# Part B: Take Home | Alkiviadis Kariotis 241735

## Use your favorite web crawling technique and crawl information related to the CORONAVIRUS from the following websites:
https://www.who.int/emergencies/diseases/novel-coronavirus-2019
https://www.un.org/en/coronavirus

Make sure that you just get:
-   information in English,
-   information RELATED to coronavirus / COVID-19 (including non-textual data if any),
-   information on the topic as found in the above pages and the links included in these pages


Once you have finished, answer the following questions:
*     How many documents have you successfully acquired? [5%]
*     How did you restrict or clean-up your crawling as requested above? Please paste in this space your exact code and corresponding explanation of how the crawler was restricted as requested; pay particular notice at justifying the necessity of your decisions (e.g., you should not include restrictions that are redundant/have no effect in crawling because default restrictions apply, etc.). [20%]
*     Vectorize the MAIN text contained in the following link using Vector Space approach? Use a vocabulary of a maximum of 20 words that you choose carefully to be representative of the document.

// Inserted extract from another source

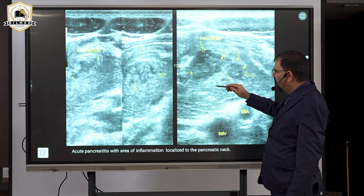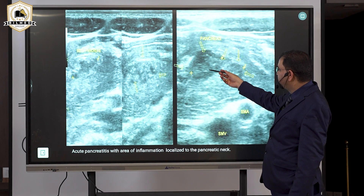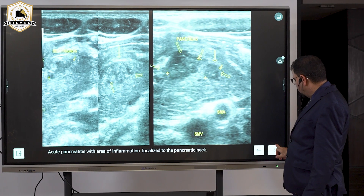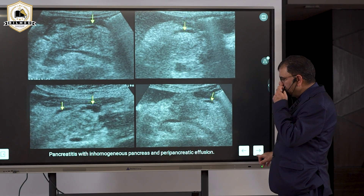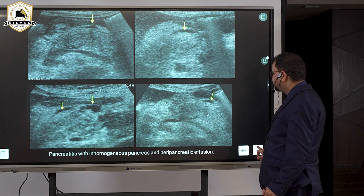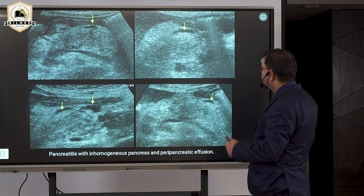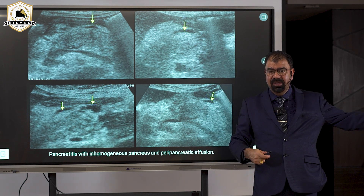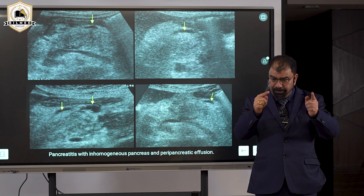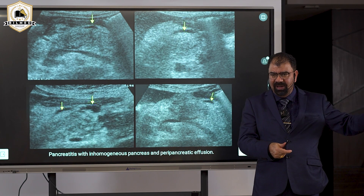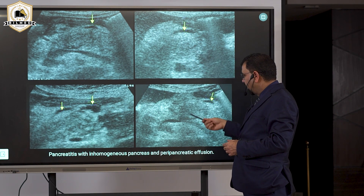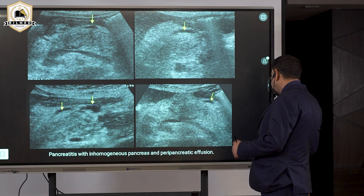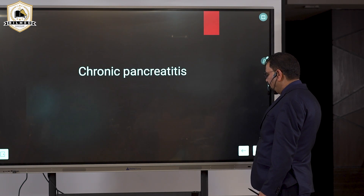Here you can see the stomach and how the pancreas is less echogenic than the liver. This confirms pancreatitis. You can also see dilatation of the pancreatic duct. Try to obtain a picture of the pancreatic duct. If echogenicity is equal to or less than the liver with increased size, you are dealing with pancreatitis.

State the criteria that made you make these choices. [25%] https://www.who.int/health-topics/coronavirus#tab=tab 1


In [1]:
import requests
from bs4 import BeautifulSoup
import re
import time
import warnings

with warnings.catch_warnings():
    warnings.filterwarnings("ignore")
    
# Function to parse HTML content and extract links
def extract_links(html_content):
    soup = BeautifulSoup(html_content, 'html.parser')
    links = [link['href'] for link in soup.find_all('a', href=True) if 'http' in link['href']]
    return links

# Filter functions
def is_english_url(url):
    return '/en/' in url or 'lang=en' in url or re.search(r'english|en_', url, re.IGNORECASE) is not None

def is_related_to_covid(url):
    covid_keywords = ['coronavirus', 'covid', 'covid-19', 'pandemic']
    return any(keyword in url.lower() for keyword in covid_keywords)

# Constants
USER_AGENT = 'Mozilla/5.0 (Windows NT 10.0; Win64; x64) AppleWebKit/537.36 (KHTML, like Gecko) Chrome/58.0.3029.110 Safari/537.3'
DELAY_BETWEEN_REQUESTS = 2  # Delay in seconds

# Function to crawl a website and extract COVID-related information
def crawl_website(url):
    headers = {'User-Agent': USER_AGENT}
    try:
        time.sleep(DELAY_BETWEEN_REQUESTS)  # Delay to prevent being blocked
        response = requests.get(url, headers=headers)
        if response.status_code == 200:
            page_content = response.text
            print(f"Successfully retrieved content from {url}")
            return page_content
        else:
            print(f"Failed to retrieve content from {url}, status code: {response.status_code}")
            return None
    except requests.exceptions.RequestException as e:
        print(f"Request failed: {e}")
        return None

# Function to run the crawler and store contents
def run_crawler_and_store_contents(urls):
    contents = {
        'UN': [],
        'WHO': []
    }
    for url in urls:
        page_content = crawl_website(url)
        if page_content:
            links = extract_links(page_content)
            filtered_links = [link for link in links if is_english_url(link) and is_related_to_covid(link)]
            for link in filtered_links:
                subpage_content = crawl_website(link)
                if subpage_content:
                    if 'un.org' in link:
                        contents['UN'].append(subpage_content)
                    elif 'who.int' in link:
                        contents['WHO'].append(subpage_content)
    return contents

# Function to print the summary of contents
def print_summary(contents):
    for site, pages in contents.items():
        print(f"{site} site: Retrieved {len(pages)} documents.")
        if pages:  # If there is at least one document
            # Print first 500 characters for example
            print(f"Example content from {site} site:\n{pages[0][:500]}")

# List of URLs to crawl
urls = [
    'https://www.who.int/emergencies/diseases/novel-coronavirus-2019',
    'https://www.un.org/en/coronavirus'
]

# Run the crawler and store contents
contents = run_crawler_and_store_contents(urls)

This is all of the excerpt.